Three Students Create The Ultimate Handbag For NRF Scholarship. On August 3, the Dallas Morning News reported on three University of North Texas graduates whose entry in the National Retail Federation’s Student Challenge scholarship competition earned each of them not only $5,000 in scholarships, but also a chance to work with designer and HSN regular Danielle DiFerdinando. Their success led to positions today at top retailers Williams-Sonoma Home, Saks Fifth Avenue, and Michaels. “It all started with a school project at UNT in hopes that we could get scholarship money, and now it’s progressed into this incredible opportunity to represent this thing we’ve worked so hard to accomplish,” said scholarship recipient McKenzie Hibler.


Roly Poly Embraces Innovation To Drive Sales & Empower Employees. Last week, Fast Casual reported on how self-order kiosks at a Roly Poly Sandwiches in Birmingham, Alabama are driving sales and helping staff work more efficiently. The restaurant location is one of many service sector businesses that is integrating innovative technology into their operations to not only benefit employers and consumers, but also to empower employees. “That way, we can bring the person from the register to the back and help in the kitchen,” franchisee Matt Macke said. “We get things done faster and they (the employees) can go home earlier.”


Western Clothing Company Founder Lassos Wrangler. Recently, the San Luis Obispo Tribune profiled 26-year old Quincy Freeman, founder of western clothing company, Rodeo Quincy. Freeman grew up on a cattle ranch and uses that childhood setting as inspiration for her fashion design. While at Cal Poly studying Agricultural Communication, she was encouraged by Cal Poly Center for Innovation and Entrepreneurship co-founder Jonathan York to compete in a series of elevator pitch competitions.

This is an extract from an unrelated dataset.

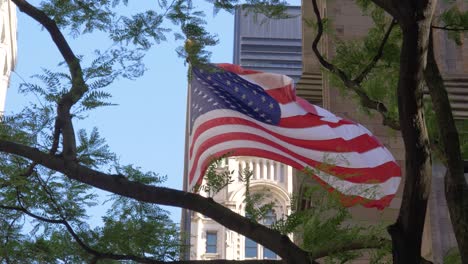 Slow-motion-shot-of-the-flag-of-the-USA-in-front-of-Trinity-Church-and-with-trees-in-the-foreground-at-summer-in-Manhattan,-New-York-City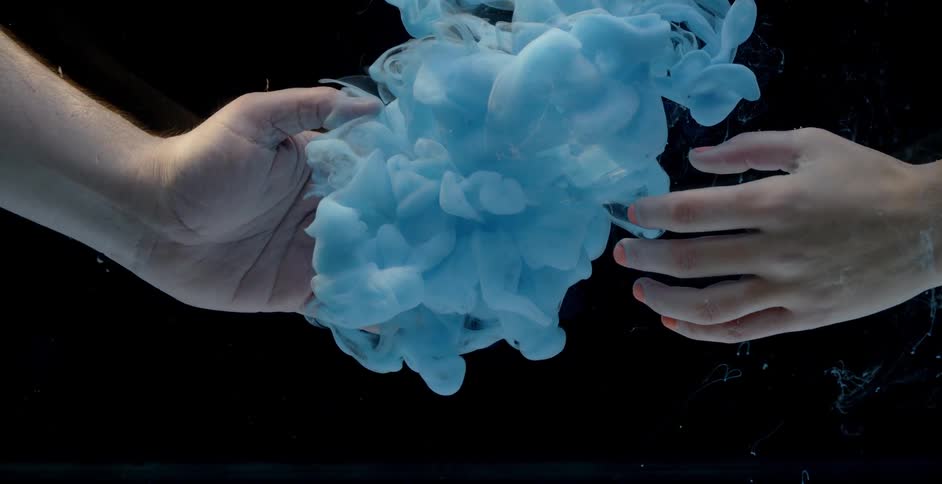 Two people reach out to the blue cloud in the water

Eventually, Freeman won the Collegiate Entrepreneurs Organization’s national contest and went on to start her own clothing line, which now employs five full-time employees and recently collaborated with Wrangler.


Family-Owned Cheesecake Bakery Celebrates 42 Years. On August 10, Crain’s New York Business profiled Eileen Avezzano, founder of Eileen’s Special Cheesecake in the SoHo neighborhood of New York City. In December, Avezzano will celebrate 42 years at the same location since its inception, and she has no plans to stop building her business. Avezzano runs the shop with her two daughters, and their longest-tenured employee has been with the bakery for 36 years. “I went through a lot of stumbling blocks growing the business,” Avezzano said. “But I call this our lucky corner. ”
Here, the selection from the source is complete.